The temporary lights will cost $40,700 in rent annually. The fiscal court had previously agreed to install lights on the field at a total cost of $300,000 if the school board would agree to pay $50,000 annually for the use of the field. Sutton Field is owned by the county and managed by the Georgetown/Scott County Parks and Recreation Department.
Scott County High School plays baseball on the field, and the Kentucky High School Athletic Association has warned the existing lights are inadequate and must be replaced before it will sanction games this upcoming season. An attorney told school board members it was illegal to improve the field because it was not owned by the school system, but Superintendent Dr. Kevin Hub pointed out several instances in the area with similar circumstances.
Concerns about the temporary lights were raised including noise and safety during high winds. The school system’s energy consultant, Jim McClanahan, pleaded against the temporary lights.
“They’re going to be noisy and unsafe,” said McClanahan. The smart thing to do would be to do it right the first time and go ahead and install the permanent lights.”
The vote to use temporary lights was 4-1 with Susan Duncan opposing the measure.

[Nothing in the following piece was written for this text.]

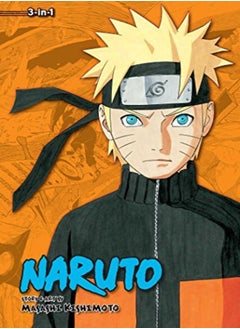 Buy Naruto 3In1 Edition Vol 15 by Masashi Kishimoto Paperback in UAE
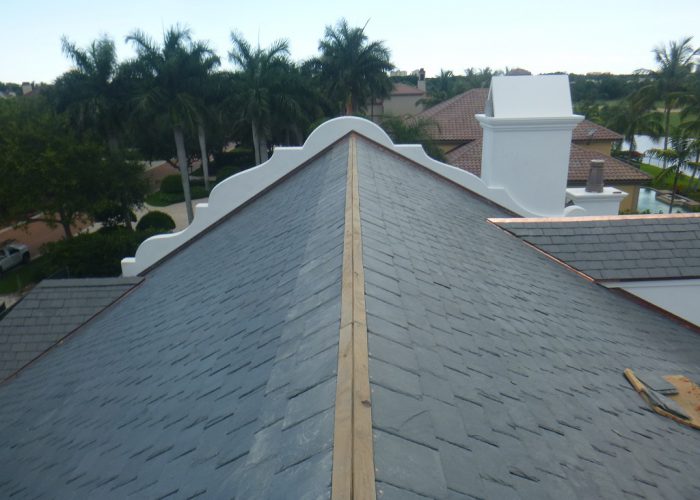 Slate Roofing - New Construction Naples, FL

Kevin Kidwell, Stephanie Powers, Diana Brooker and JoAnna Fryman voted in favor of the temporary lights.
Parents asked the school board to consider moving the 2020 Scott County High School graduation from its gymnasium to another location due to limited seating. Each student receives only six tickets, which is insufficient for some families, said Melinda Breadwood.
“The number of tickets available for my family will require me to leave out some of our family members,” said Breadwood.
“We consider this graduation to be a major life event and we all want to be there to celebrate my son’s achievement.”
The level of attention the lack of tickets is receiving from the school and the school board is disappointing, she said.
“This group of people have just completed a very meticulous, and excellent plan to build a $90 million school so I know you are capable of helping to resolve this problem,” said Breadwood.
Board member Diana Brooker assured Breadwood the board would respond to her concerns.
In other action:
— Representatives from Clotfelter-Samokar architectural firm reported updates to the various district-wide construction projects. The auditorium and welding shop are approaching completion. The board discussed sod grass installation on the ball fields and the weather variables associated with that application. Every effort will be made to lay the sod before Christmas.
— Eastern Elementary School parent Michelle Morgan addressed the board asking for more and sooner screenings of all students for potential learning challenges.
— The board heard a report from teachers participating in PLACE, (Partners for Learning Achievement and Classroom Education), a program that teaches teachers new strategies to apply to language as a second language students.
— A group of students from the Migrant Education Program were on hand to thank the board for their recent trip to Washington, D.C. Program director Dr. Molly McComas reported the trip was a great success and the students appreciated the opportunity to travel to the nations capitol.